Nessa tarde, o ocupante da casa, um homem à antiga, recebe pessoalmente, um a um, o que os gregos antigos chamava hoi polloi, o brasileiríssimo povão. Na agenda imemorial, pedidos de emprego, dinheiro, internações: que mais o povo pobre deste país tem a pedir a uma autoridade?
O homem ouvia com atenção todos quantos coubessem na jornada. Só não deixava que lhe beijassem as mãos. Ao seu lado, um funcionário anotava num caderno, a lápis, pedido, nome e endereço do pedinte.

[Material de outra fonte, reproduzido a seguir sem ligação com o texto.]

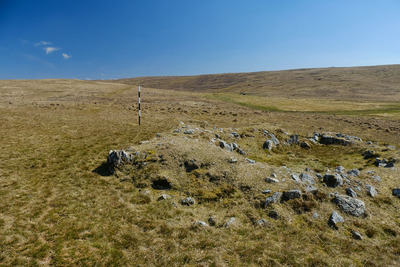 Walk photo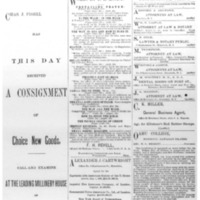 The Friend - 1886.10 - Newspaper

O que acontecia com os pedidos eu obviamente jamais saberia. Mas lembro daquelas figuras de romance de Graciliano Ramos saíndo do sobrado, sede da Prefeitura do Recife, falando com lágrimas nos olhos de quem as tinha recebido – algo inimaginável em suas vidas. Era o Pai Arraia.

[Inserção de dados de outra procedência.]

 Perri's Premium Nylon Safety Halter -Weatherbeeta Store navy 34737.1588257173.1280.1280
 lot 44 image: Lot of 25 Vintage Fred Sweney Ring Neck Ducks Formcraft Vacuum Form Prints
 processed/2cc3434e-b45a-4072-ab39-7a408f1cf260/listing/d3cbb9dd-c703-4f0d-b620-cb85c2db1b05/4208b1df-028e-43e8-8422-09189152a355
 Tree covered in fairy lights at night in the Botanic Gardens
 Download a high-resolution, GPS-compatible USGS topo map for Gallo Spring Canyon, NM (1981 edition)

Lembro também do gringo que a tudo assistia bestificado. Era um repórter do Los Angeles Times. Ele já tinha o lide de sua matéria: ‘A revolution is starting in Brazil. Mr Miguel Arraes, the left-wing mayor of Recife…’.

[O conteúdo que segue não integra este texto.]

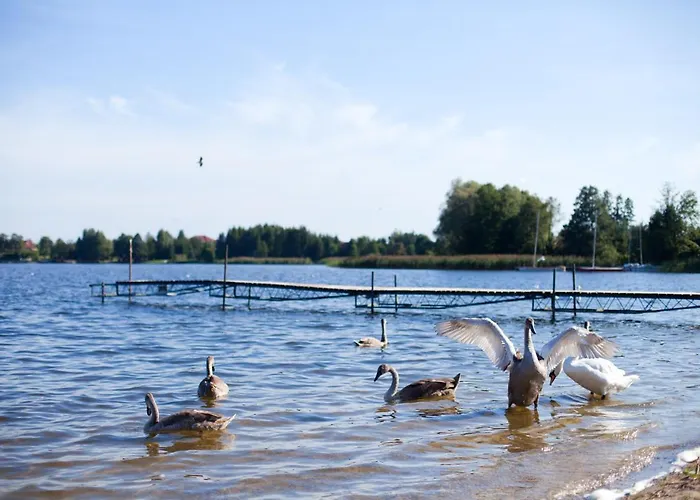 Holiday park Selment Mazury Elk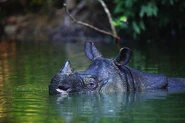 Javan Rhino Swimming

São Paulo, 1962. Tarde de sábado no João Sebastião Bar, na mesma Rua Major Sertório dos celestiais inferninhos que não existem mais. Casa cheia para a feijoada espetacular do boteco idem do Paulo Cotrim das artes e da noite. Rádio ligado a pleno volume. De repente, a notícia esperada irrompe. ‘E atenção, terminaram as apurações da eleição para governador de Estado em Pernambuco. De virada na contagem dos votos, o vencedor é Miguel Arraes…’
O resto da notícia ninguém mais ouviu. A casa em peso cantava o Hino Nacional. A meu lado, Geraldo Vandré chorava convulsivamente. Não era o único.
Em algum lugar entre Brasília e São Paulo, a bordo do 737 da Vasp, 1985. A meu lado, o deputado federal Miguel Arraes me faz perguntas que não consigo responder porque não consigo ouvi-las. O quase setentão fala para dentro, roufenho e enrolado ainda por cima. O barulho dos reatores faz o resto. Tomamos, cada um, duas doses de uísque, embora nåo fosse o seu Johnnie Walker Black Label de todos os dias, a que atribuía a sua boa disposição e certeza de que teria vida longa.
Não me lembro se nos brindamos. Pelo sim, pelo não, saúde, governador.